__Exercise aim__. Within the entries below, please return exactly the lines from the one with "Immunohistochemistry: CBFB Antibody" through the one with "media cybernetics, mediacy, immagini, elaborazione", leaving out any pictures.

►

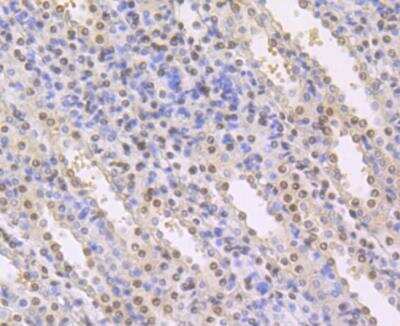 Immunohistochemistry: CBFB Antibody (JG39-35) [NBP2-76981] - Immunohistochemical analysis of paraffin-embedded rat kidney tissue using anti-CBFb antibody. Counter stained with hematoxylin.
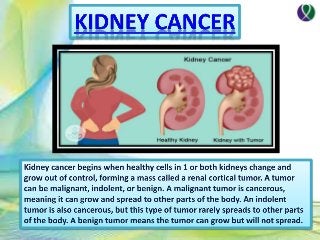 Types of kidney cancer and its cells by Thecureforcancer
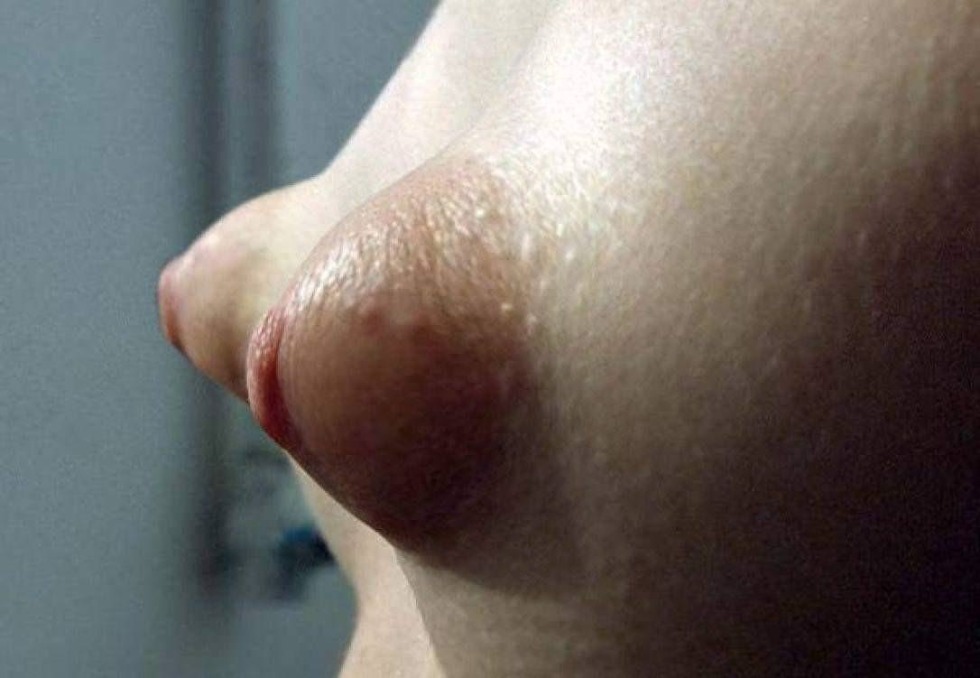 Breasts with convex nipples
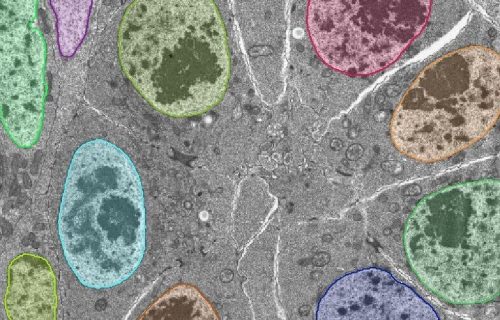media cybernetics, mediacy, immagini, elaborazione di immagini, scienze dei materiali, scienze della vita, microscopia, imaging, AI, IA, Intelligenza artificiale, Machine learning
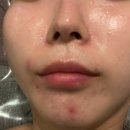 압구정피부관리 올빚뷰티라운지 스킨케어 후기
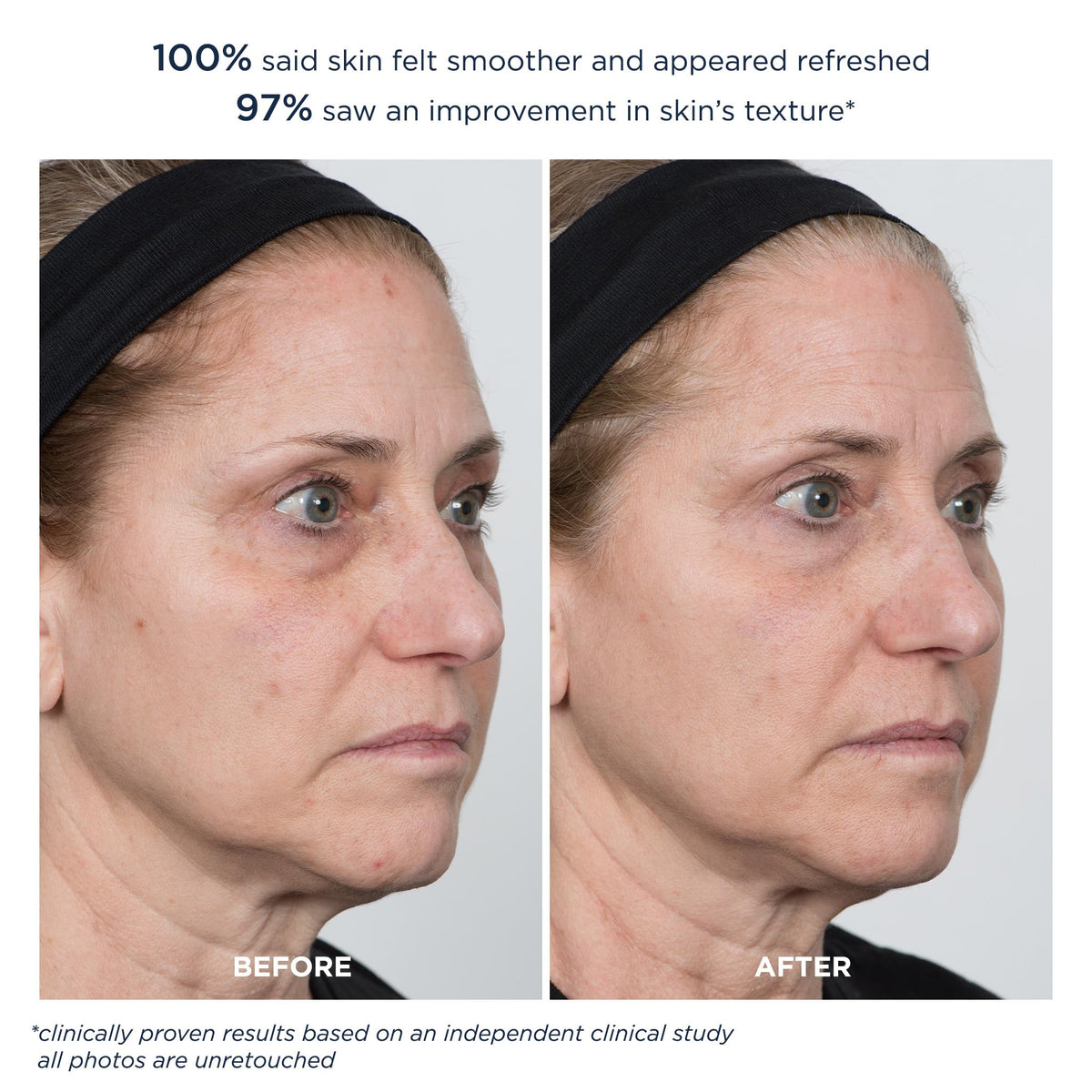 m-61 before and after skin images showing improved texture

◄
►

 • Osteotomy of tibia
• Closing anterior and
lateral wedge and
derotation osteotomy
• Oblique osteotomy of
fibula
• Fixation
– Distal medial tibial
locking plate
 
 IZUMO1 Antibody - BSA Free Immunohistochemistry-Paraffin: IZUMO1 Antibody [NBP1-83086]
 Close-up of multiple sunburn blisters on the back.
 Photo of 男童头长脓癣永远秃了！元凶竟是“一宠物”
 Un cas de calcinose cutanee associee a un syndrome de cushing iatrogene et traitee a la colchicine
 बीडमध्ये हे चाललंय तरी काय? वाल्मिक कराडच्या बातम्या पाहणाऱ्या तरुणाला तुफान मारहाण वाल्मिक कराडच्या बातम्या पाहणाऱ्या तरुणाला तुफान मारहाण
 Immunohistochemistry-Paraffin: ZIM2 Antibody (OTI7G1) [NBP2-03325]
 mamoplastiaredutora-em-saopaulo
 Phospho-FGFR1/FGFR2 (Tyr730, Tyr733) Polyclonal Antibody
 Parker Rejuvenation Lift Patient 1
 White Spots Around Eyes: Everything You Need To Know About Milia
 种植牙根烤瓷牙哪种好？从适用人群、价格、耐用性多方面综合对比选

◄
►

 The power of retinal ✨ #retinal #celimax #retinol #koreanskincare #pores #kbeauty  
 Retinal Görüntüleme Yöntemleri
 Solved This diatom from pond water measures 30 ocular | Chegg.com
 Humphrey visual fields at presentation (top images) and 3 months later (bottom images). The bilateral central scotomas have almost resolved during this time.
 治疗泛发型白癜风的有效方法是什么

◄

__Result below__.
 Immunohistochemistry: CBFB Antibody (JG39-35) [NBP2-76981] - Immunohistochemical analysis of paraffin-embedded rat kidney tissue using anti-CBFb antibody. Counter stained with hematoxylin.
 Types of kidney cancer and its cells by Thecureforcancer
 Breasts with convex nipples
media cybernetics, mediacy, immagini, elaborazione di immagini, scienze dei materiali, scienze della vita, microscopia, imaging, AI, IA, Intelligenza artificiale, Machine learning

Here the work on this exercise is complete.